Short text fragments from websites
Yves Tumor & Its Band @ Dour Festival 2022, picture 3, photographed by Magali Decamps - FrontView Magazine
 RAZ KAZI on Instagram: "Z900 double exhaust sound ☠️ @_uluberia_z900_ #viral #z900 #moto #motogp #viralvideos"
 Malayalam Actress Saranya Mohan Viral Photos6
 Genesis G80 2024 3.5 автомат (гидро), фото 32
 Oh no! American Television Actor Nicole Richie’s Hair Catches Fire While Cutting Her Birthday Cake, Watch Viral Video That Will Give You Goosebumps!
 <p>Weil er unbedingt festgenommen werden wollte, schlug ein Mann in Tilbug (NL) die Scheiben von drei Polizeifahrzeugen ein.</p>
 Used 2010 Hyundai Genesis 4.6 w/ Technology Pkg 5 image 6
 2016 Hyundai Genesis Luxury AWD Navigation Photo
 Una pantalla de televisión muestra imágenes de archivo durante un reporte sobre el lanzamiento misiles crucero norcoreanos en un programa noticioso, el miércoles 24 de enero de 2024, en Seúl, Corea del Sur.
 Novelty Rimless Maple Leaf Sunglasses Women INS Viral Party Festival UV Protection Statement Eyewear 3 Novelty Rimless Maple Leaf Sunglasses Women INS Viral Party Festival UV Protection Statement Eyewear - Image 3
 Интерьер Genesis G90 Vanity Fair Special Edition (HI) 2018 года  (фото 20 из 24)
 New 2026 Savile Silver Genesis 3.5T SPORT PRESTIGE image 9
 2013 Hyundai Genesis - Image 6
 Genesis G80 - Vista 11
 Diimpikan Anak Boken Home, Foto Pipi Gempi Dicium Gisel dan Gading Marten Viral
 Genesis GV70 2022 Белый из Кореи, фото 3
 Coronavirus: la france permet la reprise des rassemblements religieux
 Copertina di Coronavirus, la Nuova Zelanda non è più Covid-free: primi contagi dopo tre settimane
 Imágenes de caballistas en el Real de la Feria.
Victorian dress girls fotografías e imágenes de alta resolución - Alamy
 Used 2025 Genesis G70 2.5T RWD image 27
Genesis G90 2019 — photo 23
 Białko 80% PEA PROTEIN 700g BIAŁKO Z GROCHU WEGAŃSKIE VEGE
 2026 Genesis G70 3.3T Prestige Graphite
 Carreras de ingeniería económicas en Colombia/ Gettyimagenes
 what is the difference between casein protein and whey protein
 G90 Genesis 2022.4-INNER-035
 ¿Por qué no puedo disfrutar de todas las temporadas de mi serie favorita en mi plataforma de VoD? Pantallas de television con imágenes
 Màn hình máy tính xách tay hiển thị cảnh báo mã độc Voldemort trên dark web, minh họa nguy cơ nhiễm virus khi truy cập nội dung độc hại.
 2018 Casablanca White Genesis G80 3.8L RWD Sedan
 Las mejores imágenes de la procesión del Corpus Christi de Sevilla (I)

Problem description: Lines from the one containing "2013 Hyundai Genesis - Image 6" through the last line of the records, restated word for word: that is the whole response.

Exercise answer:
 2013 Hyundai Genesis - Image 6
 Genesis G80 - Vista 11
 Diimpikan Anak Boken Home, Foto Pipi Gempi Dicium Gisel dan Gading Marten Viral
 Genesis GV70 2022 Белый из Кореи, фото 3
 Coronavirus: la france permet la reprise des rassemblements religieux
 Copertina di Coronavirus, la Nuova Zelanda non è più Covid-free: primi contagi dopo tre settimane
 Imágenes de caballistas en el Real de la Feria.
Victorian dress girls fotografías e imágenes de alta resolución - Alamy
 Used 2025 Genesis G70 2.5T RWD image 27
Genesis G90 2019 — photo 23
 Białko 80% PEA PROTEIN 700g BIAŁKO Z GROCHU WEGAŃSKIE VEGE
 2026 Genesis G70 3.3T Prestige Graphite
 Carreras de ingeniería económicas en Colombia/ Gettyimagenes
 what is the difference between casein protein and whey protein
 G90 Genesis 2022.4-INNER-035
 ¿Por qué no puedo disfrutar de todas las temporadas de mi serie favorita en mi plataforma de VoD? Pantallas de television con imágenes
 Màn hình máy tính xách tay hiển thị cảnh báo mã độc Voldemort trên dark web, minh họa nguy cơ nhiễm virus khi truy cập nội dung độc hại.
 2018 Casablanca White Genesis G80 3.8L RWD Sedan
 Las mejores imágenes de la procesión del Corpus Christi de Sevilla (I)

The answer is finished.